What is required: Please take the records that follow and repeat exactly the lines starting with the line with "3D Characters Explainer Toolkit - 5" and going on through the line with "لپ تاپ مایکروسافت".

Dataset content:
*** Begin section ***
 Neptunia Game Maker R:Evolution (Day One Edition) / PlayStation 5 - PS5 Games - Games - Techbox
*** End section ***
*** Begin section ***
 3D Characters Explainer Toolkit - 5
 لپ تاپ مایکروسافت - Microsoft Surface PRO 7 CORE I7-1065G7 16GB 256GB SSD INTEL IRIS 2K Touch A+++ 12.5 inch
*** End section ***
*** Begin section ***
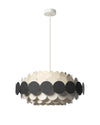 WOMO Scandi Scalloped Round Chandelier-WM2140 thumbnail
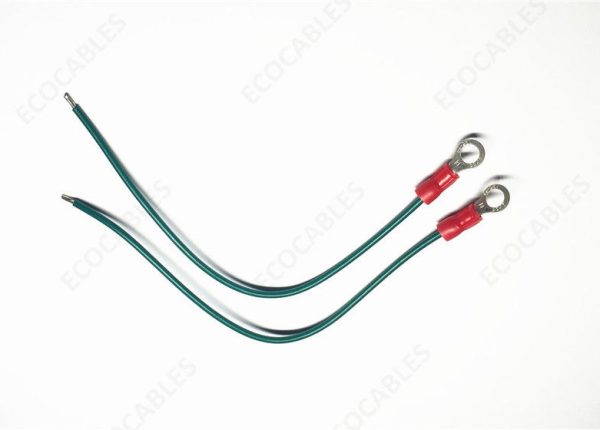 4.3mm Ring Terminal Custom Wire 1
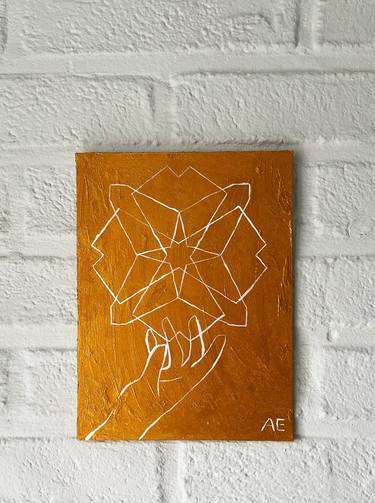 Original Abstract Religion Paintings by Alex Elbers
*** End section ***
Result:
 3D Characters Explainer Toolkit - 5
 لپ تاپ مایکروسافت - Microsoft Surface PRO 7 CORE I7-1065G7 16GB 256GB SSD INTEL IRIS 2K Touch A+++ 12.5 inch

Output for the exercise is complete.